**About this task**:
For each line of the data that includes the word "Metal", copy the line.

**Provided records**:

=== Section Start ===

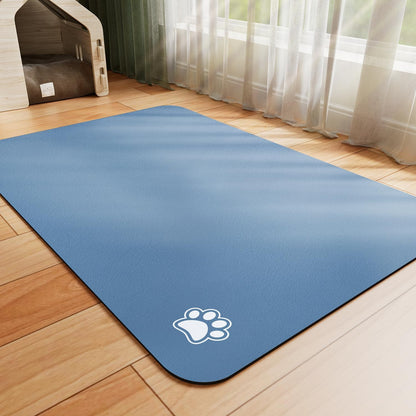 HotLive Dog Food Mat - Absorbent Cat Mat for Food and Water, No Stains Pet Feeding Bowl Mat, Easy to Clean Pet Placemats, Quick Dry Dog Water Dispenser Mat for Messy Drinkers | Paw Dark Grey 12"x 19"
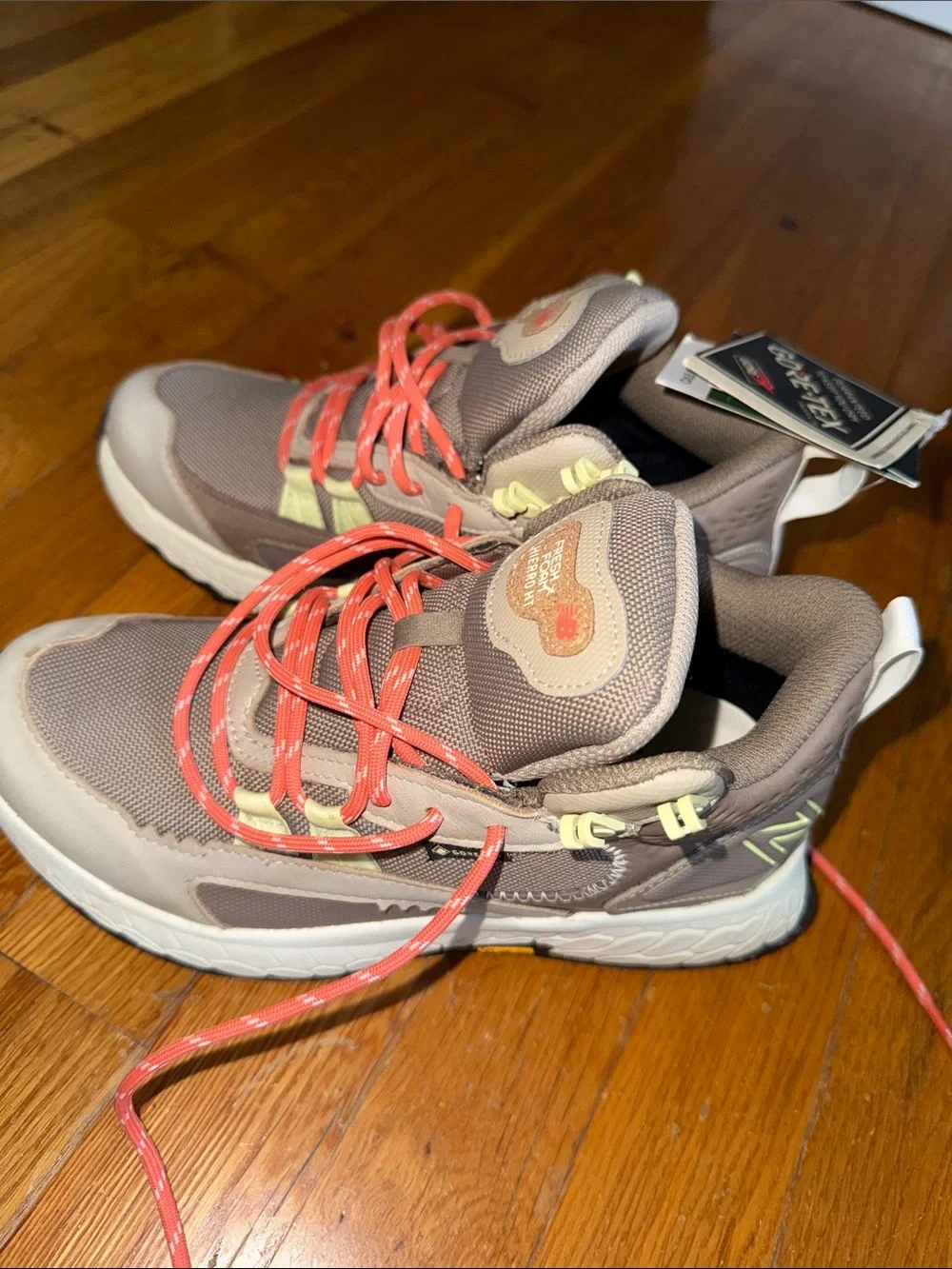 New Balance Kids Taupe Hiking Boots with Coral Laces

=== Section End ===
=== Section Start ===

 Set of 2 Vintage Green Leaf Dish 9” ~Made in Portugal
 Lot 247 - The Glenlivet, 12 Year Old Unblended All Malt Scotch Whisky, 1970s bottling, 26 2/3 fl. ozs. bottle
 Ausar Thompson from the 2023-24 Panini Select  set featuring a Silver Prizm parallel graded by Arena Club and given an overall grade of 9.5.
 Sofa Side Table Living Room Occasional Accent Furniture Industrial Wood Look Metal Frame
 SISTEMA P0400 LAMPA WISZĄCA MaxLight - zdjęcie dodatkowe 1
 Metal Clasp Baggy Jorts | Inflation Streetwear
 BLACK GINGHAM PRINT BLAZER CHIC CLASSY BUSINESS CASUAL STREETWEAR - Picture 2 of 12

=== Section End ===

**Result of the task**:
 Sofa Side Table Living Room Occasional Accent Furniture Industrial Wood Look Metal Frame
 Metal Clasp Baggy Jorts | Inflation Streetwear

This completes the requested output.